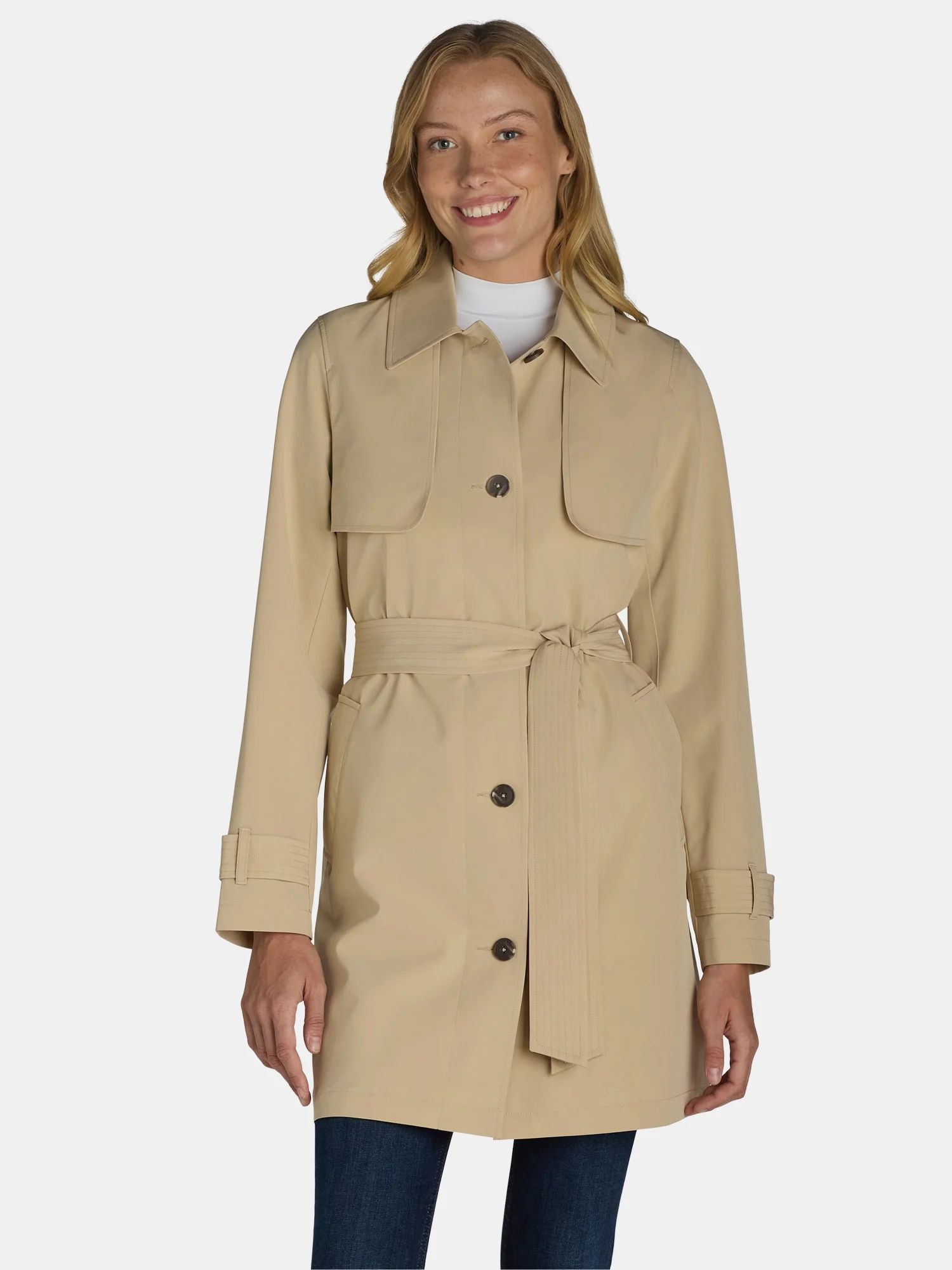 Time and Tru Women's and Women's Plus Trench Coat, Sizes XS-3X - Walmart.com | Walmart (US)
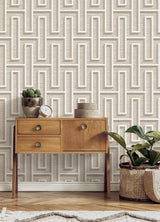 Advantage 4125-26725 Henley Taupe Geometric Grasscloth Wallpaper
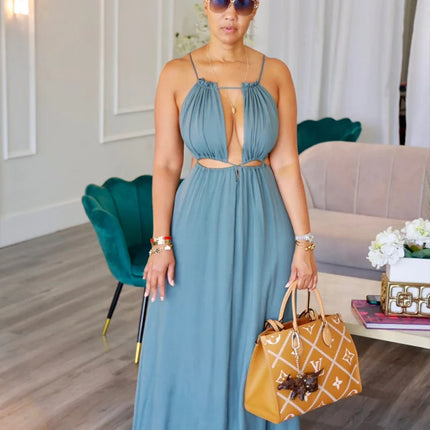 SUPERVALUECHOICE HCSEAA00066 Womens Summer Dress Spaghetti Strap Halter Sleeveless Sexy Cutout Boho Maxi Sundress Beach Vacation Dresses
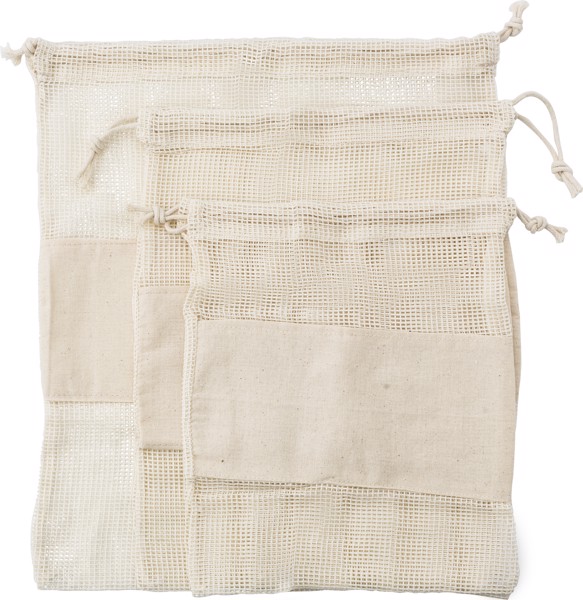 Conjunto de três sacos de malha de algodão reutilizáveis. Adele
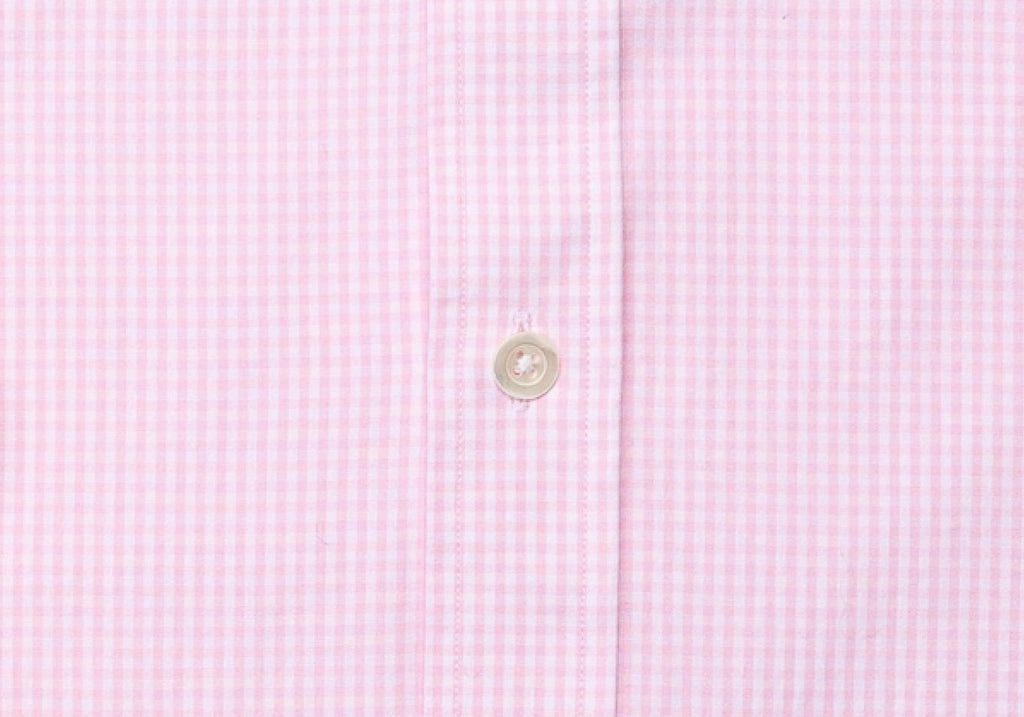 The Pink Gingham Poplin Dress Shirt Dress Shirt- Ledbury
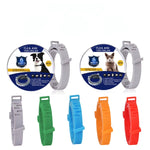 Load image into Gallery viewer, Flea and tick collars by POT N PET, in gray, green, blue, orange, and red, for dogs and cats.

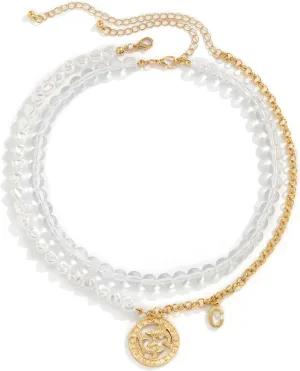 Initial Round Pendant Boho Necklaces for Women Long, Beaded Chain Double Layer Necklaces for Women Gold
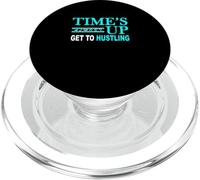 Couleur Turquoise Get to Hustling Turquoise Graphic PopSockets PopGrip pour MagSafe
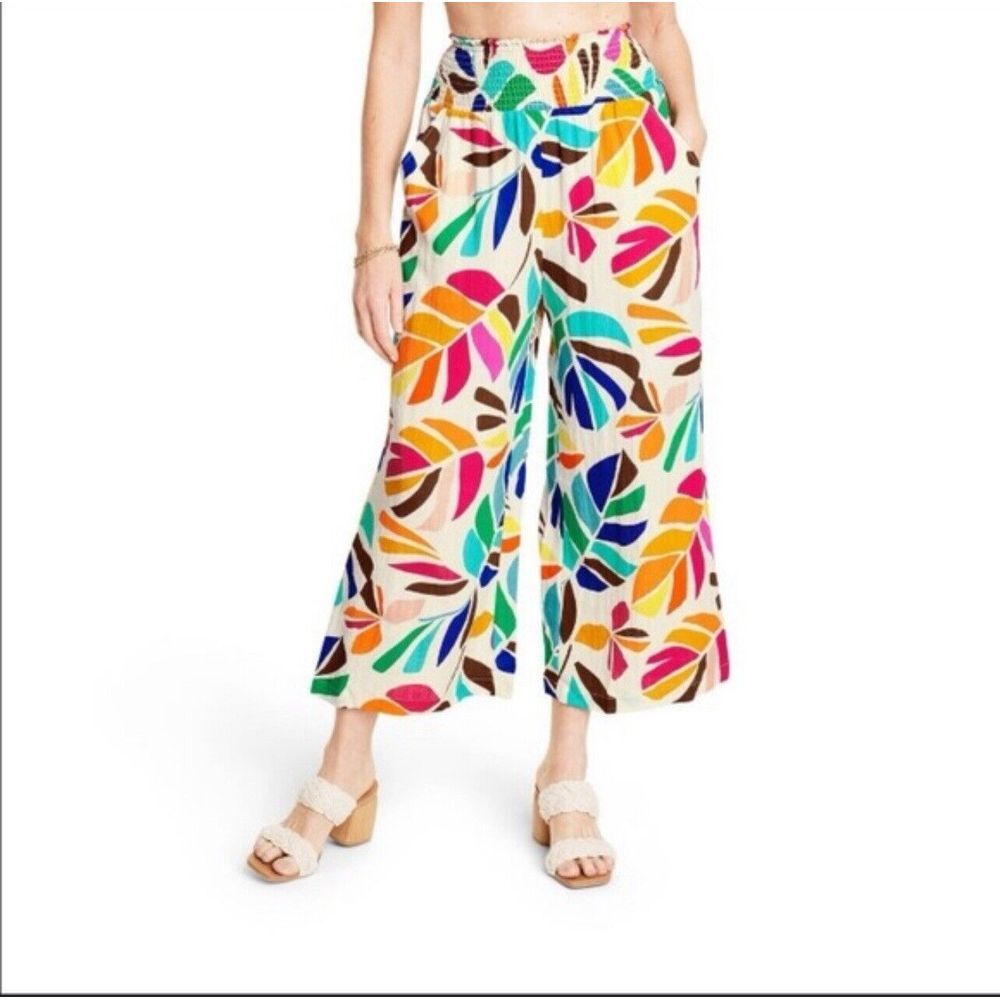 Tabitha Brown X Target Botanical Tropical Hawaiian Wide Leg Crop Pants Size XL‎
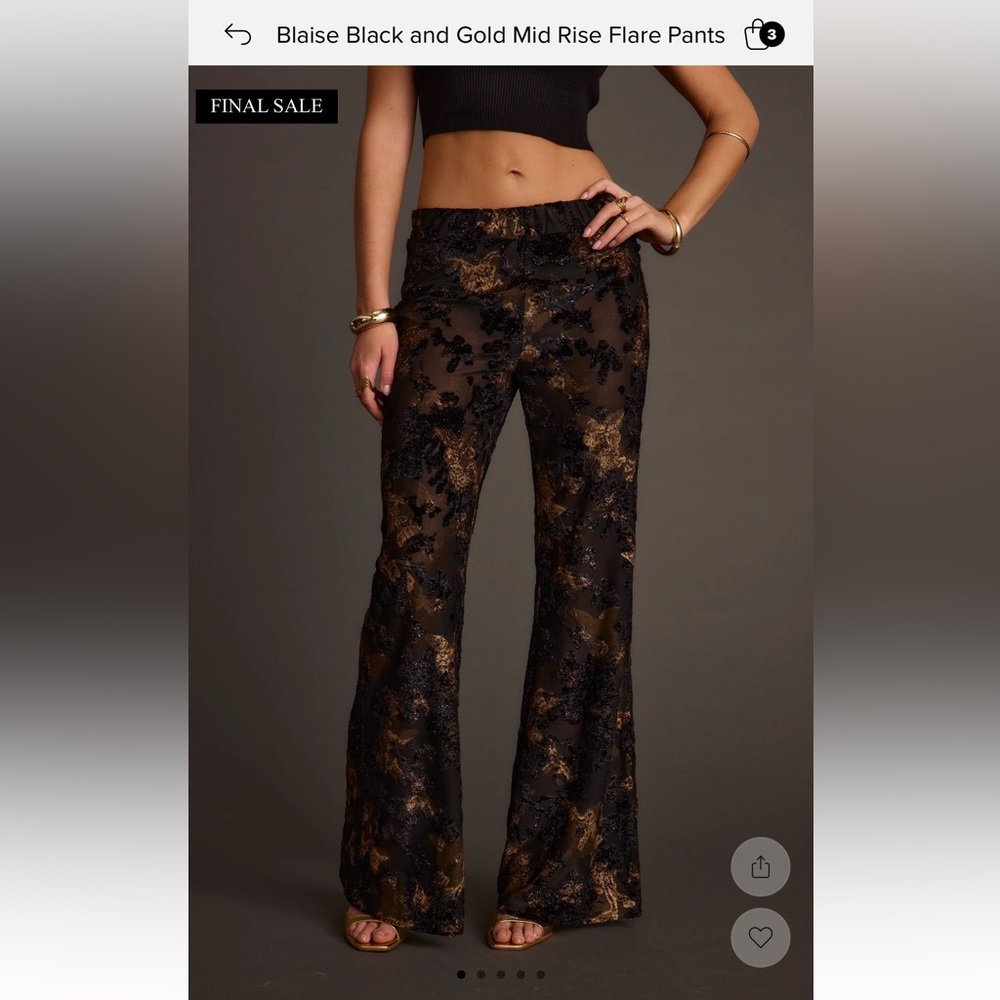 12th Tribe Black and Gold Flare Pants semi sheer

WORK ITEM
Omitting all pictures, copy the preceding entries without any alteration.

THE COMPLETED TASK
 Time and Tru Women's and Women's Plus Trench Coat, Sizes XS-3X - Walmart.com | Walmart (US)
 Advantage 4125-26725 Henley Taupe Geometric Grasscloth Wallpaper
 SUPERVALUECHOICE HCSEAA00066 Womens Summer Dress Spaghetti Strap Halter Sleeveless Sexy Cutout Boho Maxi Sundress Beach Vacation Dresses
 Conjunto de três sacos de malha de algodão reutilizáveis. Adele
 The Pink Gingham Poplin Dress Shirt Dress Shirt- Ledbury
 Load image into Gallery viewer, Flea and tick collars by POT N PET, in gray, green, blue, orange, and red, for dogs and cats.

 Initial Round Pendant Boho Necklaces for Women Long, Beaded Chain Double Layer Necklaces for Women Gold
 Couleur Turquoise Get to Hustling Turquoise Graphic PopSockets PopGrip pour MagSafe
 Tabitha Brown X Target Botanical Tropical Hawaiian Wide Leg Crop Pants Size XL‎
 12th Tribe Black and Gold Flare Pants semi sheer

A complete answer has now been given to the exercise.